The duration of the photophase: its effect on LH secretion and FLI within the tuberal hypothalamus at hour 30 from dawn. In this experiment quail were exposed to a day containing 6–24 hr of light, then returned to 6L:18D, and perfused 30 hr after the original dawn. The aim was to ascertain the critical length of light required to induce both a rise in LH secretion and Fos activation in the BtH. Forty-five castrated quail were used in five self-contained runs (nine birds each). The birds were held on SDs (6L:18D), divided into eight groups (n = 5 or 6), and exposed to a photophase containing 6, 10, 12, 14, 16, 18, 20, or 24 hr of light. Blood samples for plasma LH were taken from all birds the day before (prebleed) and immediately before perfusion (postbleed) after the photoperiodic treatment.

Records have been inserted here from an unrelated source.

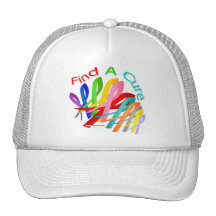 Find A Cure Colorful Cancer Ribbons Hats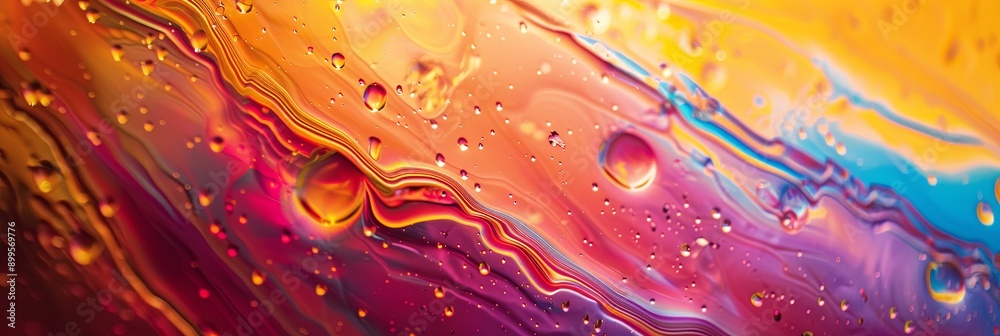 Poster colorful abstract patterns of oil and water mixing in dynamic swirls and bubbles at sunset
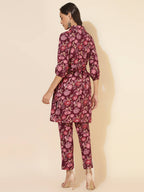 Janasya Women's Purple Cotton Floral Printed Casual Straight Kurta Set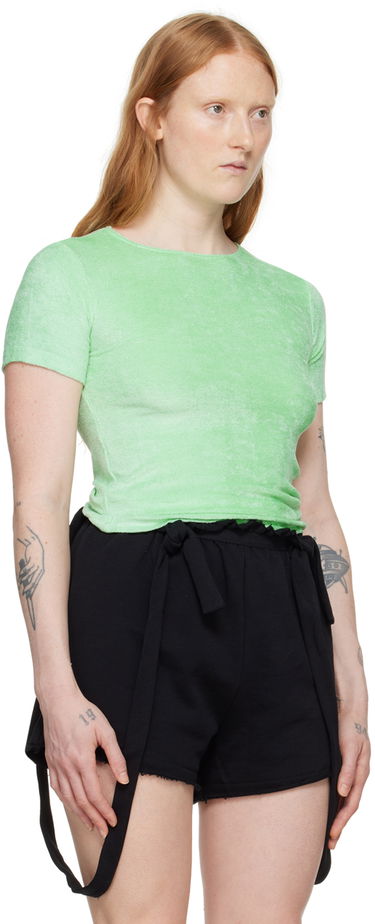 Tričko Baserange Omo Terrycloth Slim-Fit T-Shirt Zelené | TOOT-VE-SU24, 1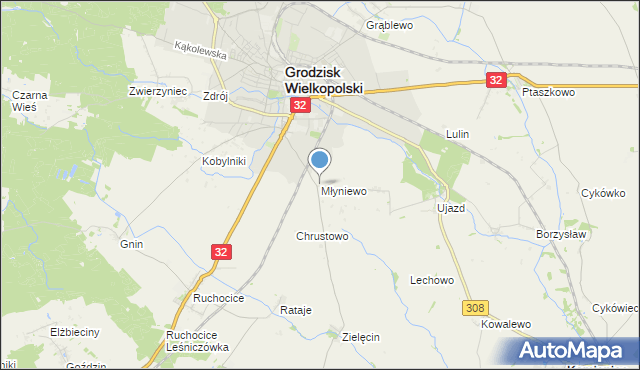 mapa Młyniewo, Młyniewo na mapie Targeo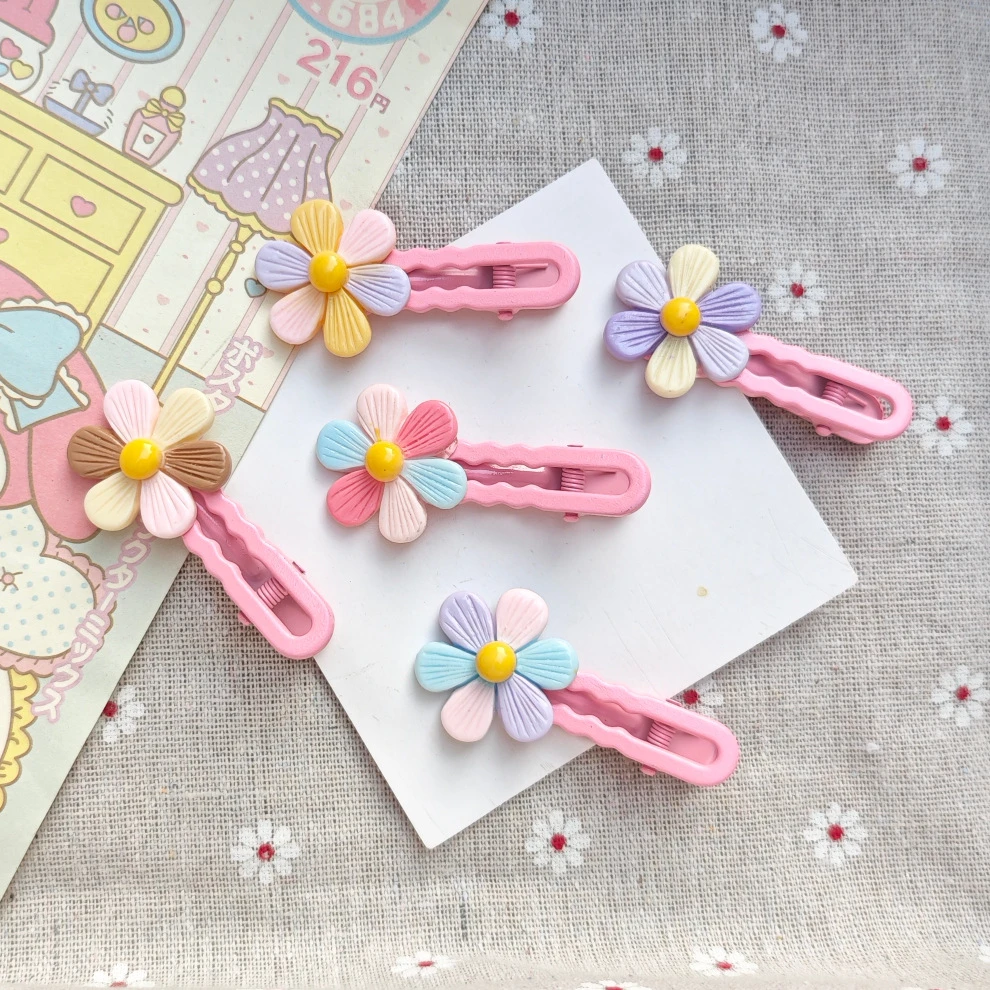 自然清新彩色系发夹甜美女生太阳花发卡少女碎发夹刘海边夹头饰品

The effect on FLI and LH induction of exposing castrated quail to a resonance cycle of 10L:26D. The aim was to compare a 36 hr resonance paradigm (Nanda and Hamner, 1958) using a photophase of 10 hr of light per cycle with responses to that of a SD of 10L:14D. Measurements of plasma LH were taken as an indicator of photoinduction. The experiment was designed so that all 12 birds were killed on the same calendar day. Two weeks before the experiment, SD-castrated quail (8L:16D) were accustomed to 10L:14D and divided into two groups of six, and a prebleed was taken. One group remained on 10L:14D, whereas the second was subjected to three cycles of 10L:26D. All birds were killed between hours 4 and 9 from dawn (lights on 9:00 A.M.), and a postbleed was taken immediately before perfusion.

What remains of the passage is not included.